Early Interruption of ongoing Posttraumatic Dystrophy
by Egmont Scola*
Department of Traumatology, Dietrich-Bonhoeffer-Klinikum Neubrandenburg, affiliated Hospital of Medical School of University Greifswald, Mecklenburg-Vorpommern, Germany
*Corresponding Author: Egmont Scola, Department of Traumatology, Dietrich-Bonhoeffer-Klinikum Neubrandenburg, affiliated Hospital of Medical School of University Greifswald, Mecklenburg-Vorpommern, Germany
Received Date: 15 December 2025
Accepted Date: 22 December 2025
Published Date: 24 December 2025
Citation: Scola E (2025) Early Interruption of ongoing Posttraumatic Dystrophy. J Surg 10:11523 https://doi.org/10.29011/2575-9760.011523
Abstract: Posttraumatic dystrophy remains an unresolved therapeutical problem. The innate immunity response persists with local perpetuation of vicious circles of aseptic inflammatory reactions. Representative cells for such reactions are the lymphocytes and especially the ubiquitous tissue homing natural killing T cells NKT. Lymphotoxic drugs (glucocorticoides GC) showed the expected good effect in 9 patients (preliminary report).
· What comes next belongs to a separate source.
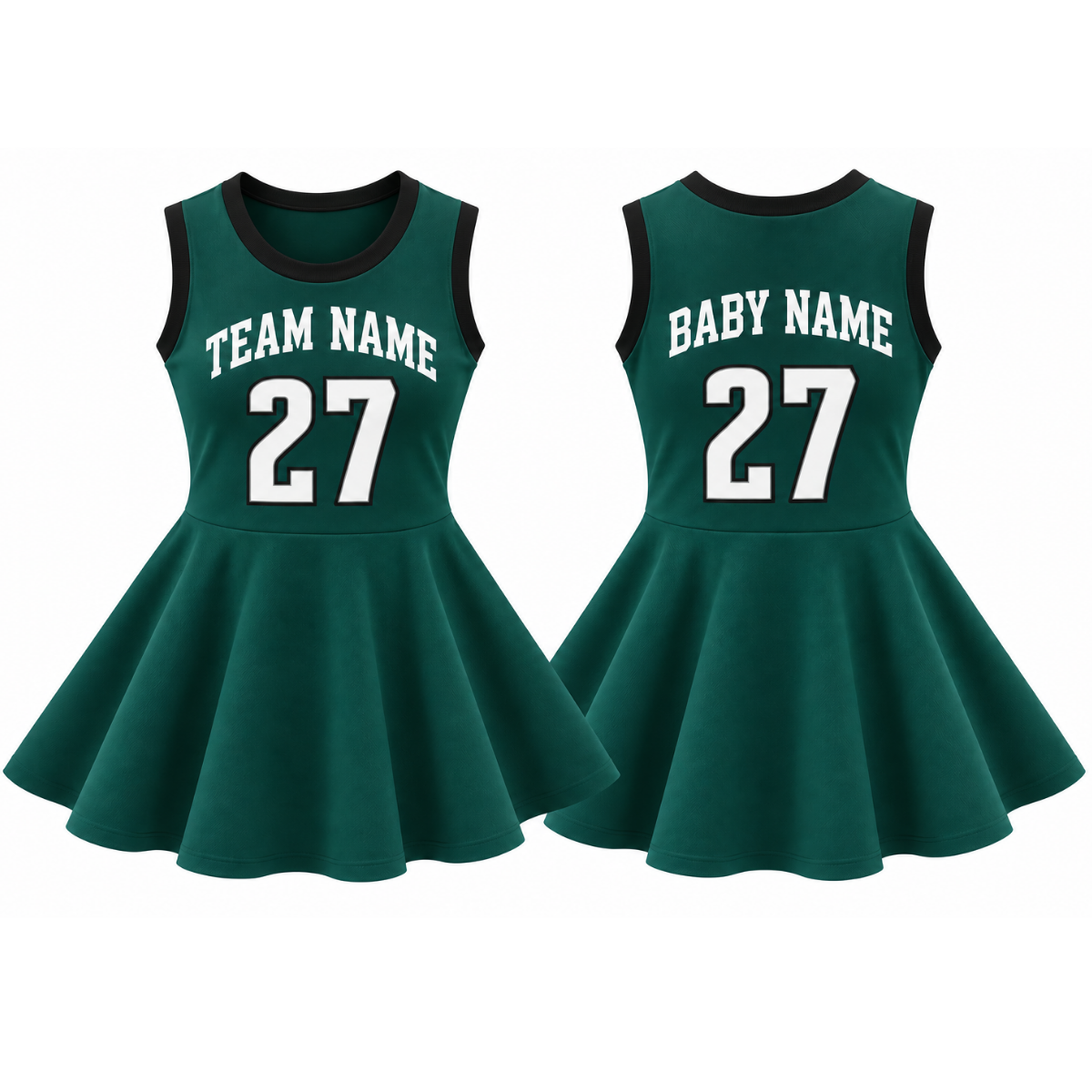 Philadelphia-Inspired Kids Custom Football Jersey Dress – Personalized Name & Number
Keywords: DAMPs; dNKT Cells; Glucocorticoid; Innate Immunity; Lymphotoxic Drug; Posttraumatic Dystrophy
Introduction
Posttraumatic dystrophy remains an unresolved therapeutic problem. Recently the origin of this complication was deduced on damage associated molecular patterns DAMPs, which are formed during tissue trauma from cellular fragments and humoral processes. From the beginning the innate immunity reacts on these “foreign” self molecules with activation of cells and cytokines. Phagocytosis by antigen presenting cells APC provides a strong control of detritus to detect invaders and prevent dangers for the host (Figure 1). Normally posttraumatic inflammatory reaction is aseptic and healing is reached in two to three weeks. In this period the detritus should be absorbed and the local homeostasis restored. Any disorder like hypoxia provokes the activation of local transient receptor potentials, acidosis by free radicals and cellular response. The innate immunity response persists with local perpetuation of vicious circles of aseptic inflammatory reactions. Representative cells for such reactions are the lymphocytes and especially the ubiquitous tissue homing natural killing T cells NKT. Owing their plasticity in different tissues they imply divers T cell receptors and are therefore named dNKT cells. They are self propagating and stimulate the building of neutrophils and B-cells beside extrusion of cytokine storm (Table 1).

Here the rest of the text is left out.